Required action: Beginning with the line where "Седан Audi A4 2014 в" appears, set down each line exactly until the records below end, and omit the pictures.

Captioned web image data
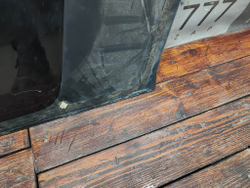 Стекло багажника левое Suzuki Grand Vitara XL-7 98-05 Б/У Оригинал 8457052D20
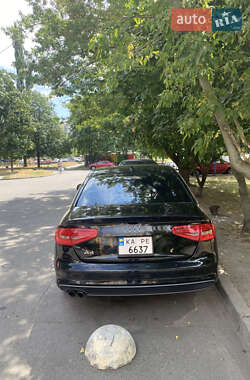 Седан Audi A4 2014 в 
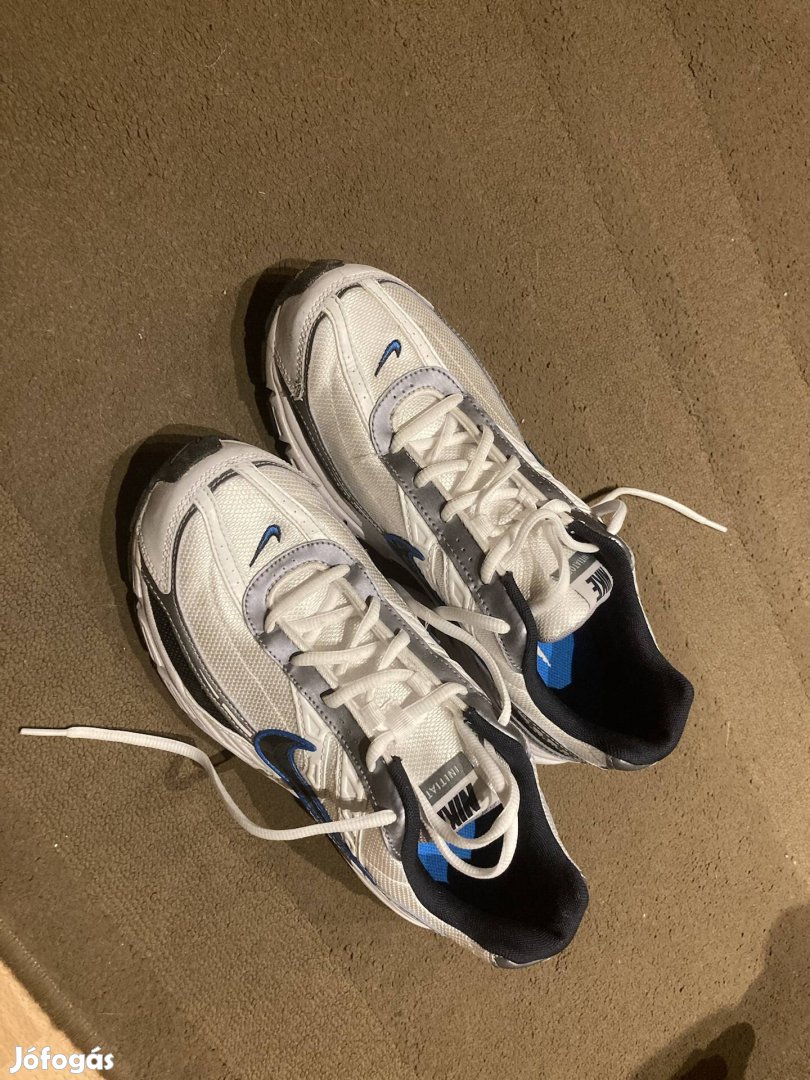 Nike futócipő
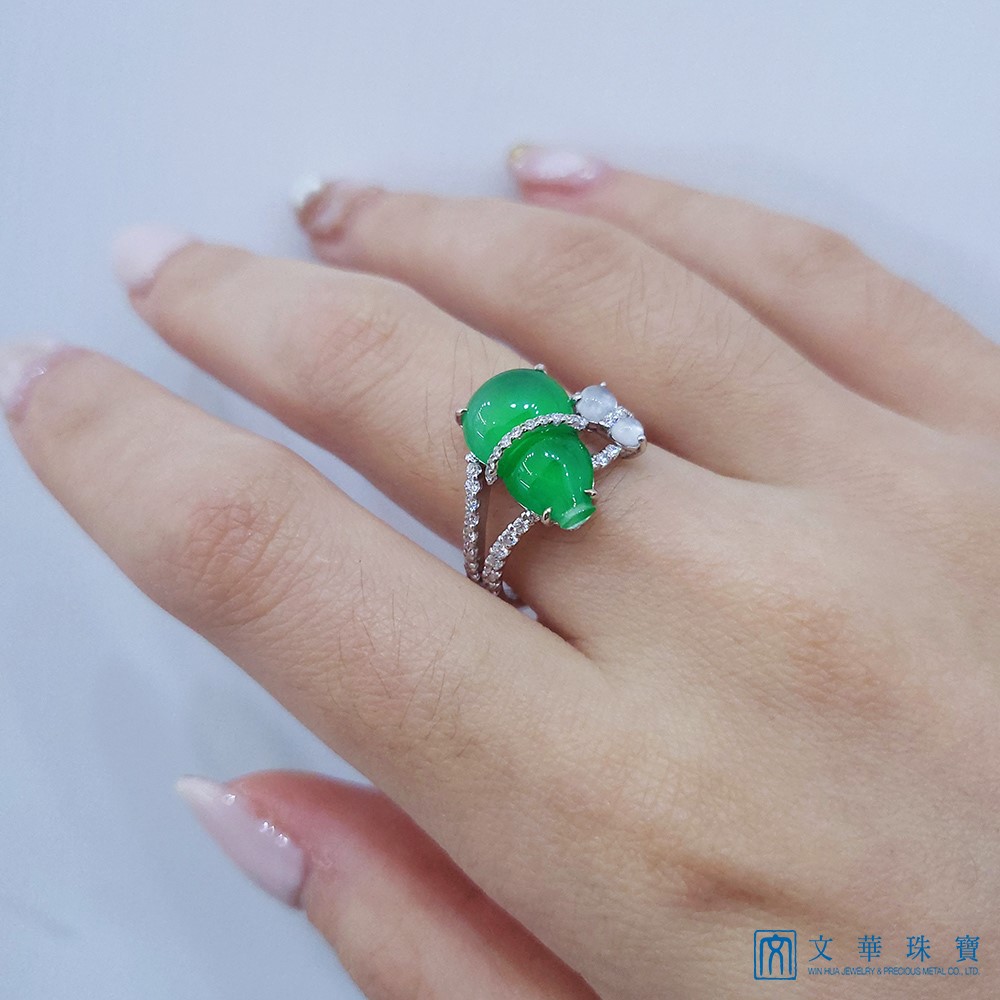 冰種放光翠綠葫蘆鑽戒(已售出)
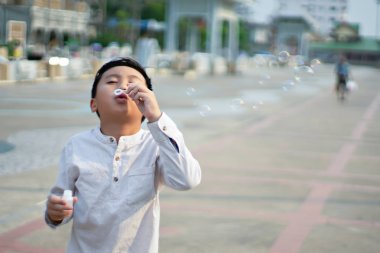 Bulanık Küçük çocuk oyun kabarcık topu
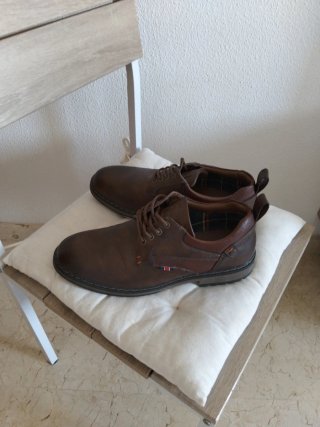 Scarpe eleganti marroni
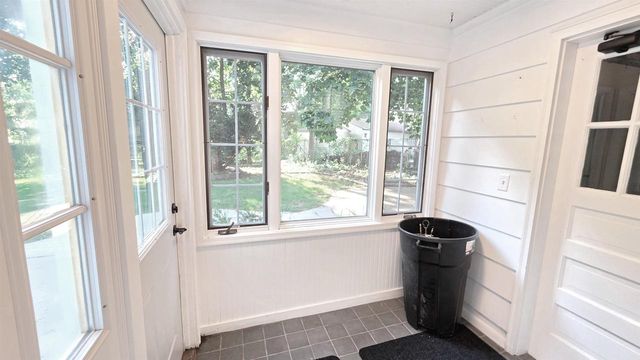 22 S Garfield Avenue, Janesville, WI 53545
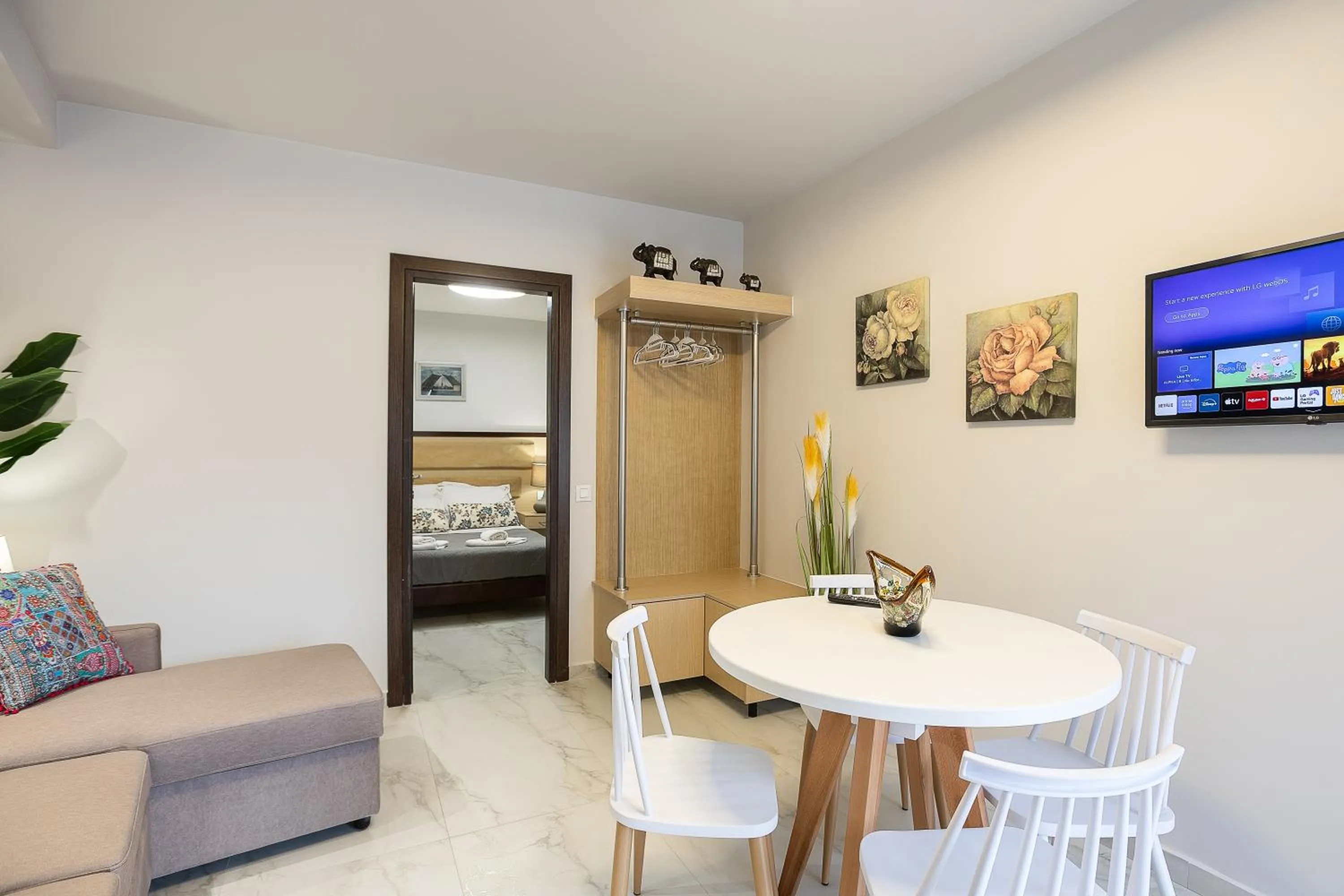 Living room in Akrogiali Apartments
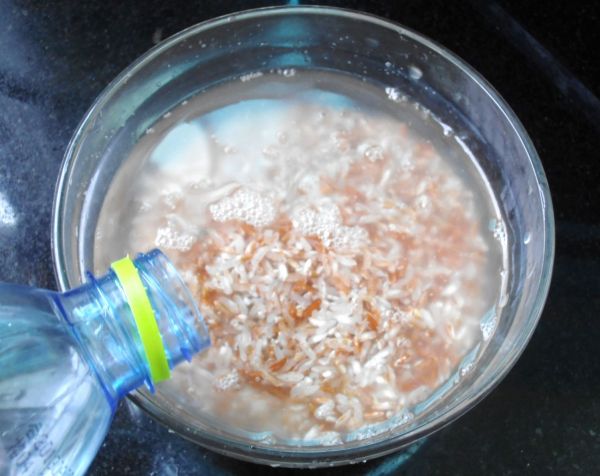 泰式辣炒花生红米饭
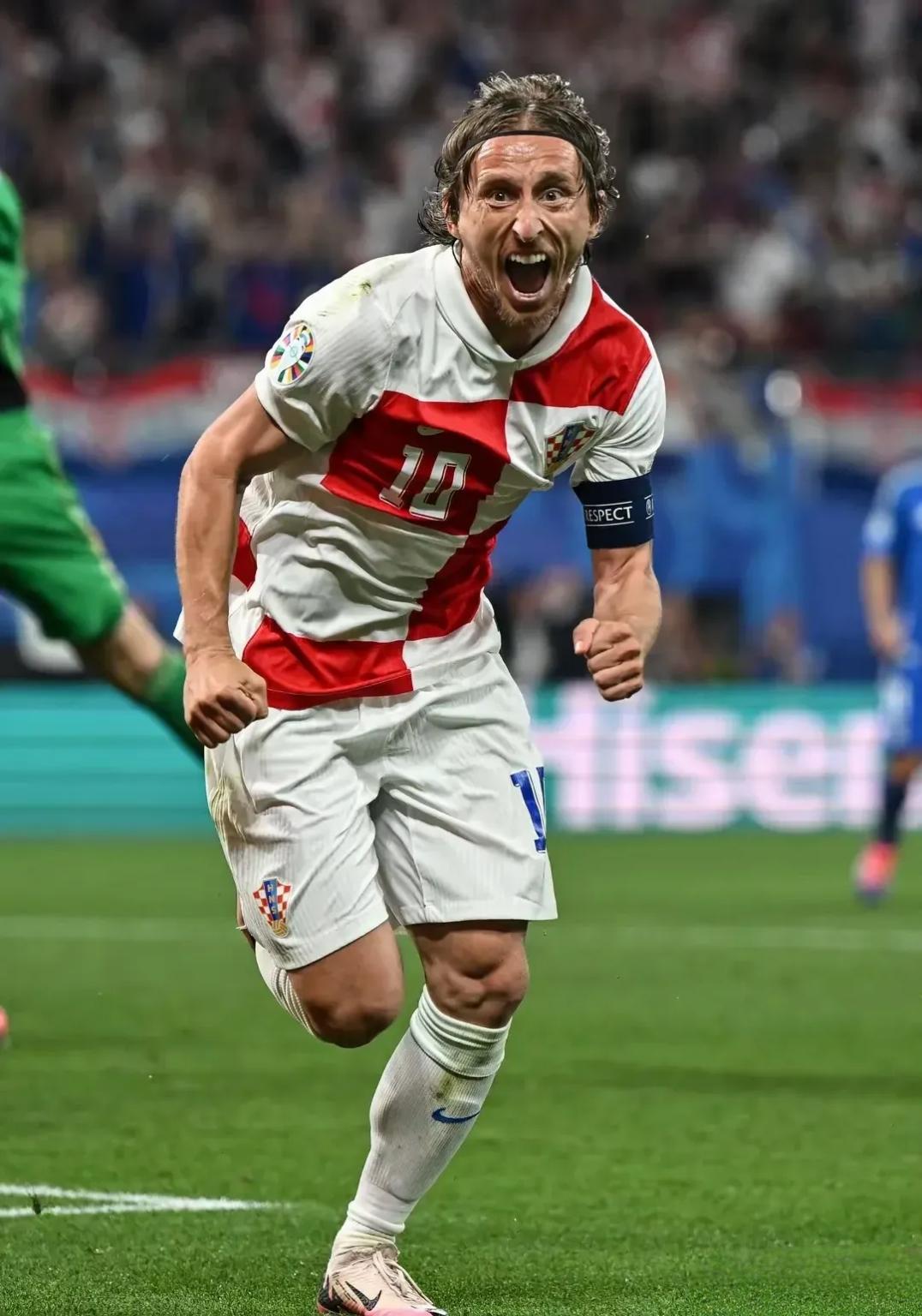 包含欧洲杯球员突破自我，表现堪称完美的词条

Written response:
 Седан Audi A4 2014 в 
 Nike futócipő
 冰種放光翠綠葫蘆鑽戒(已售出)
 Bulanık Küçük çocuk oyun kabarcık topu
 Scarpe eleganti marroni
 22 S Garfield Avenue, Janesville, WI 53545
 Living room in Akrogiali Apartments
 泰式辣炒花生红米饭
 包含欧洲杯球员突破自我，表现堪称完美的词条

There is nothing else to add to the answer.